Perdebatan soal Rumah Sakit di Jerman Muncul Lagi karena Krisis CoronaTenaga medis di Rumah Sakit di Jerman Foto: DW (News)



Penduduk Jerman menyadari situasi tidak akan bisa kembali normal seperti sedia kala. Tapi mereka sangat percaya kepada pemerintah, bahwa mereka akan melakukan yang terbaik untuk rakyatnya.

"Setelah jumlah infeksi menurun. Saya percaya sudah saatnya kita melonggarkan parameter. Saya percaya otoritas Jerman akan menemukan cara terbaik untuk menyeimbangkan antara kembali normal dan tetap menegakkan regulasi untuk melindungi rakyat," kata Ingrid Gruhs, penduduk kota Murnau am Staffelsee.


Sistem kesehatan di Jerman sudah sangat siap dalam menghadapi pandemi Corona. "Ada banyak tempat tidur, ruang ICU dan dokter yang tersedia," kata de Vericourt.

"Manajemen dari komponen ini kemudian didesentralisasi kepada pemerintahan lokal. Ini berarti semua partai politik, dari kanan ke kiri bertanggung jawab. Kerja sama dalam mengoperasikan fasilitas ini kunci untuk menghadapi pandemi dan memberikan pelayanan kepada para pasien," imbuhnya.

"Saya merasa sangat beruntung tinggal di Jerman.
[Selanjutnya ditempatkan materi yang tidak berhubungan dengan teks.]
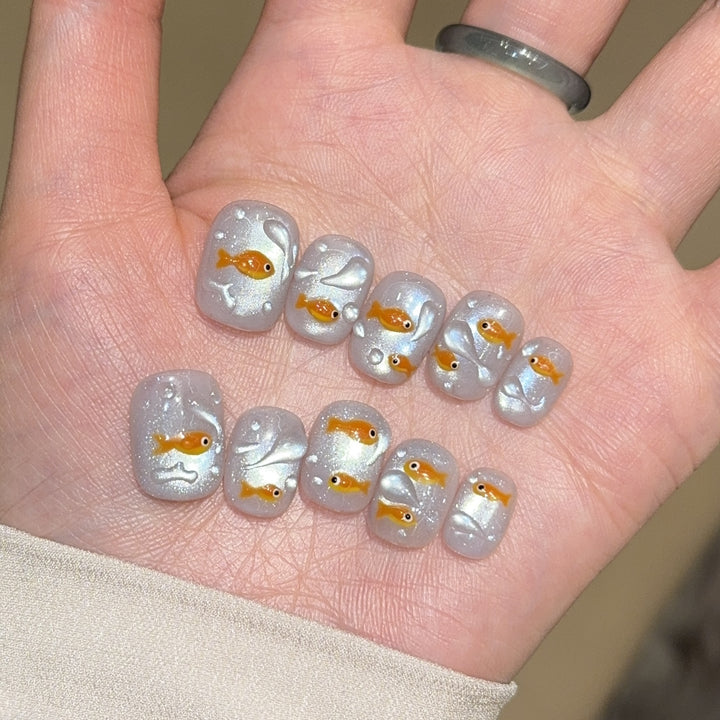 Artificial nails with goldfish design Stornfield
Saya sangat senang ketika pemerintah Bavaria menetapkan lockdown, reaksi yang baik dan diperlukan di saat yang sulit seperti sekarang," tambah Laura Gruhs, mahasiswa Universitas Teknik Munchen.


5. Australia

Australia juga termasuk negara yang sukses menekan laju pertumbuhan virus Corona di bawah 5%. Angka tersebut termasuk di atas ekspektasi para ahli dan proyeksi model yang dilakukan pada 7 April lalu.
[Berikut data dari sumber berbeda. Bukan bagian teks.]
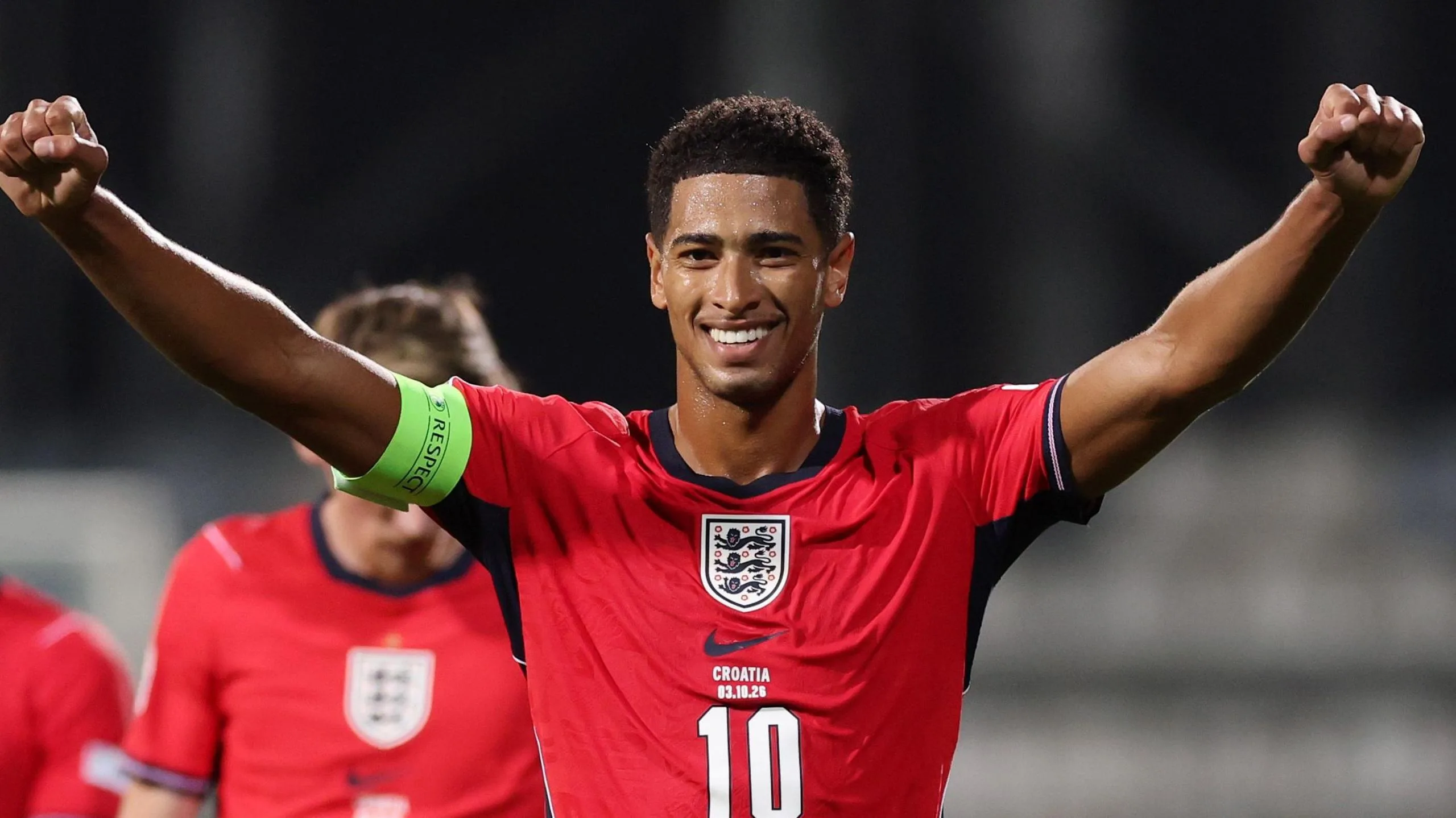 A smiling Jude Bellingham, in red kit, celebrates during England's win over Croatia with both arms stretched out wide to head height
Sistem kesehatan nasional Australia merupakan campuran antara sistem coverage universal lewat Medicare dan sistem asuransi pribadi. Perpaduan itu terbukti menolong Australia dalam menghadapi skenario terburuk yang mungkin akan terjadi.
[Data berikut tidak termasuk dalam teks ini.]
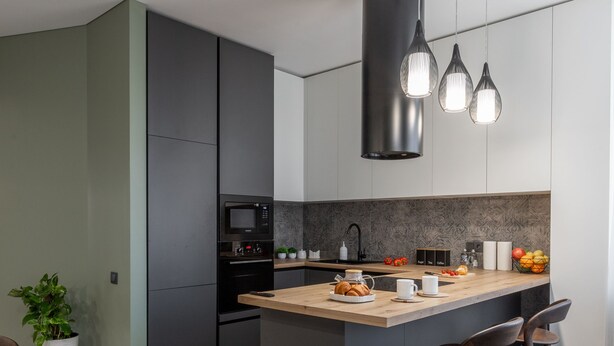 A modern kitchen with a central island, dark cabinetry, and pendant lighting. - Luxury apart with a view Victory Square (Minsk)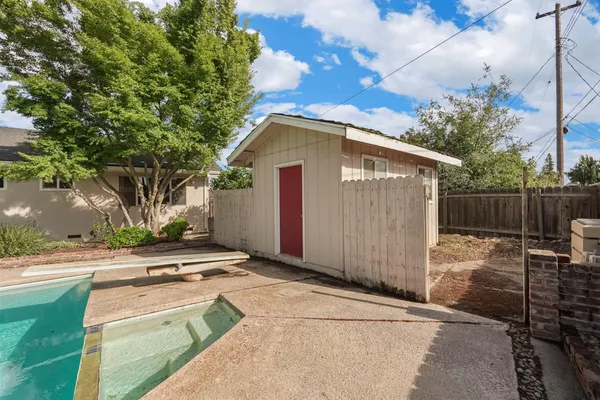 a view of backyard with green space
"Di pandemi seperti sekarang, sistem gabungan ini rupanya cocok untuk mengakomodasi kenaikan permintaan terhadap pelayanan kesehatan darurat dan ruangan ICU," ungkap Dr Alex Polyakov, dosen senior Universitas Melbourne.


Pemerintah negara bagian dan federal memerintahkan rumah sakit untuk menunda kegiatan operasi yang non-esensial untuk mengantisipasi meningkatnya pasien COVID-19.

"Kombinasi pemerintah federal yang setuju untuk memback up finansial rumah sakit swasta dengan syarat tersedianya tempat tidur dan staff, menjadikan kapasitas kesehatan publik meningkat dua kali lipat," lanjut Polyakov.

Pemerintah Australia juga melakukan pelacakan terhadap mereka yang berpergian ke luar negeri, serta memerintahkan mereka untuk karantina mandiri agar tidak menginfeksi orang lain.

"Saya mengantisipasi peningkatan yang sangat rendah dalam periode waktu yang lama. Ini baru yang namanya meratakan kurva," imbuh Polyakov.


Sementara itu, menurut penuturan salah seorang warga, Chris Stevens. Sistem kesehatan di Australia lebih baik daripada di Eropa. Setidaknya itu menurut sang ayah, yang sudah jadi dokter selama 40 tahun.

"Ketika pandemi COVID-19 mulai, saya sedang ada di Sri Lanka. Saya punya 2 opsi, kembali ke Eropa ke tempat orang tua atau pulang ke Australia. Setelah berbincang singkat dengan ayah, dia menyarankan untuk ke Australia sebagi opsi terbaik," tutup Chris.